§ **STORED DATA**:
Content starts
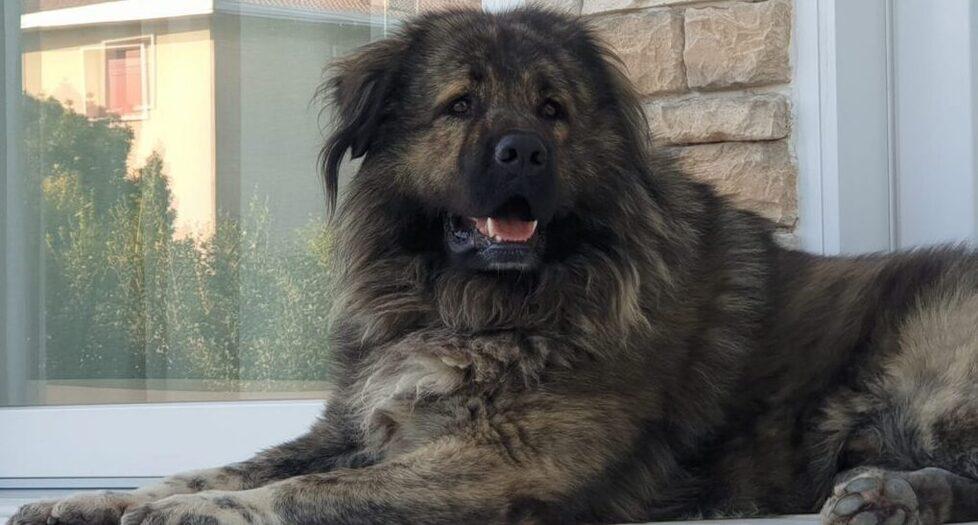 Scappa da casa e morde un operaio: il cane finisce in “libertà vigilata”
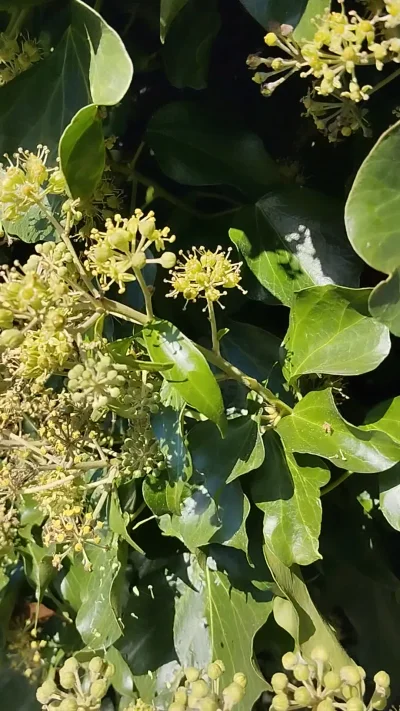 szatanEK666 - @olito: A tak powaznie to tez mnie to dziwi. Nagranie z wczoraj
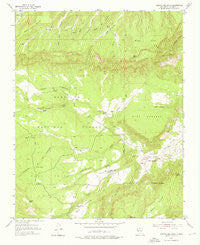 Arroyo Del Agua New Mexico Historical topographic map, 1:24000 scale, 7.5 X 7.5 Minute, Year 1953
Content ends
§ **EXERCISE DESCRIPTION**: Copy exactly, and only, the lines from the line containing "szatanEK666 - @olito: A" through the final line of the material above, with no pictures.

§ **FINISHED EXERCISE**:
 szatanEK666 - @olito: A tak powaznie to tez mnie to dziwi. Nagranie z wczoraj
 Arroyo Del Agua New Mexico Historical topographic map, 1:24000 scale, 7.5 X 7.5 Minute, Year 1953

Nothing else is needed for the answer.